* _THE RECORDS_:
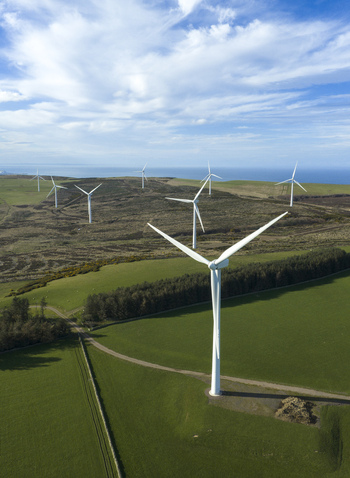 Aerial view of wind turbines standing on green fields and moorland overlooking the sea under a blue sky Scotland United Kingdom. Aerial view of wind turbines standing on green fields and moorland overlooking the sea under a blue sky Scotland United Kingdom.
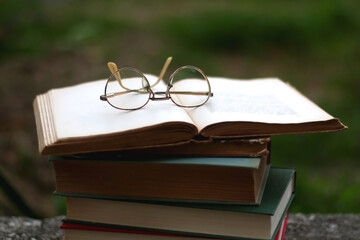 Stack of hardcover books and reading glasses in a garden. Selective focus.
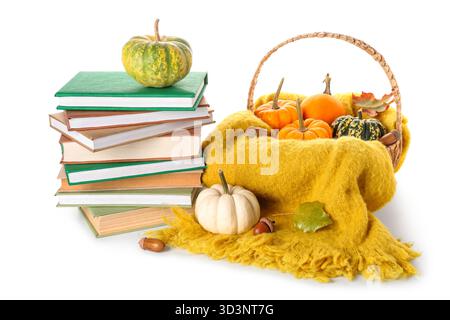 Stack of different books, basket with scarf and pumpkins on white background Stock Photo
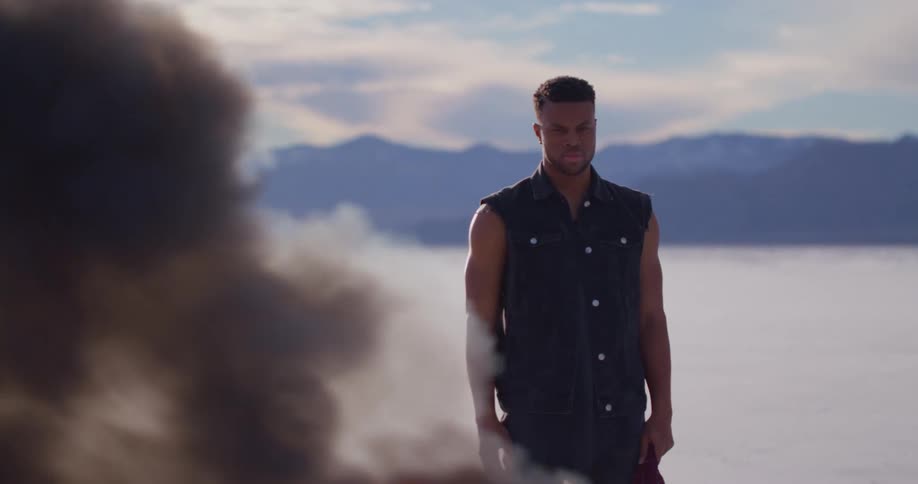 A black man is standing outside in front of a fire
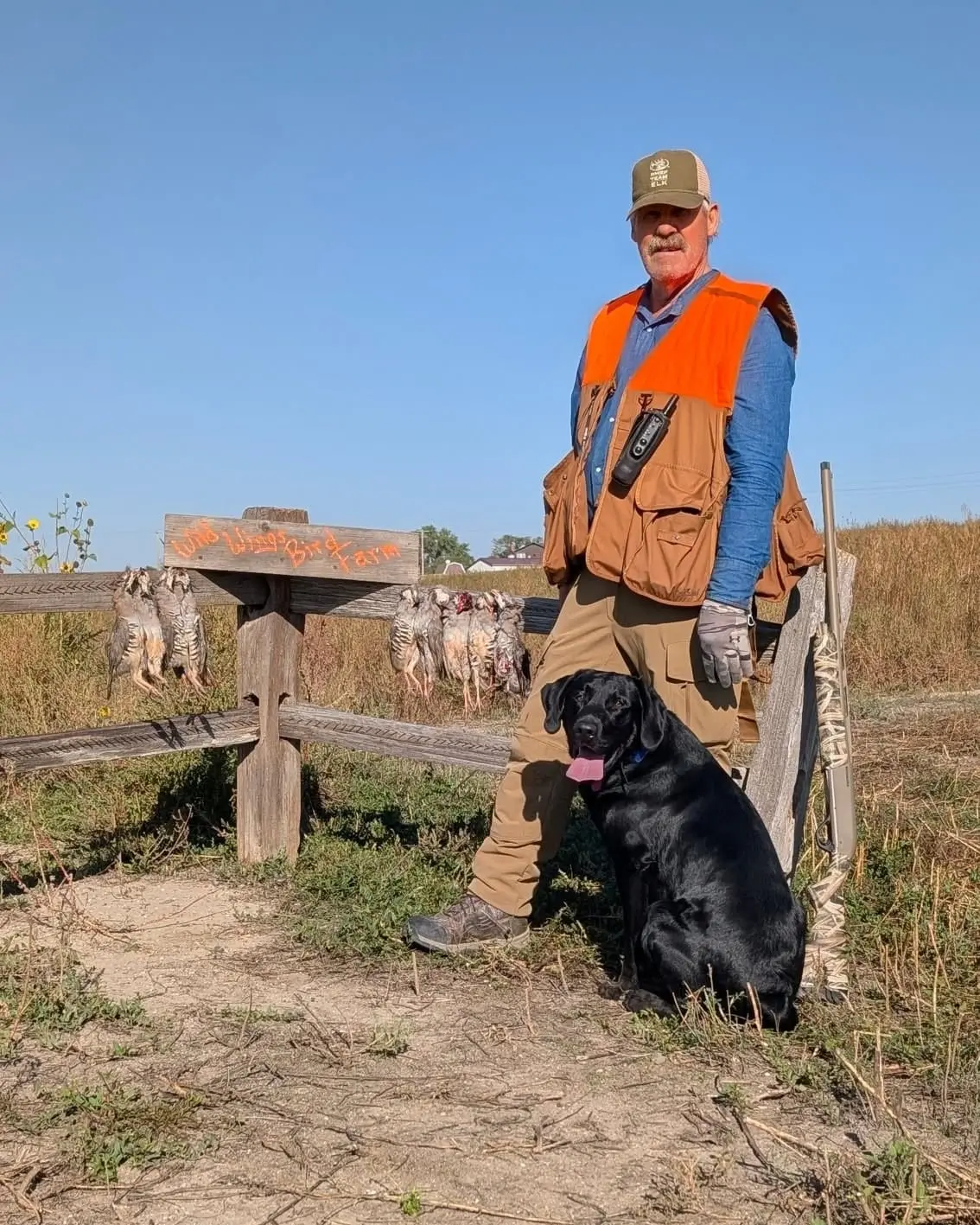 A man in hunting gear poses with his black dog and several harvested chukar hanging on a wooden fence in a field.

* _WORK ITEM_: Please output the lines from the line that holds "A black man" through the final line of the material above, both included. Each line must match exactly, and pictures must be excluded.

* _SOLUTION TO THIS PROBLEM_:
 A black man is standing outside in front of a fire
 A man in hunting gear poses with his black dog and several harvested chukar hanging on a wooden fence in a field.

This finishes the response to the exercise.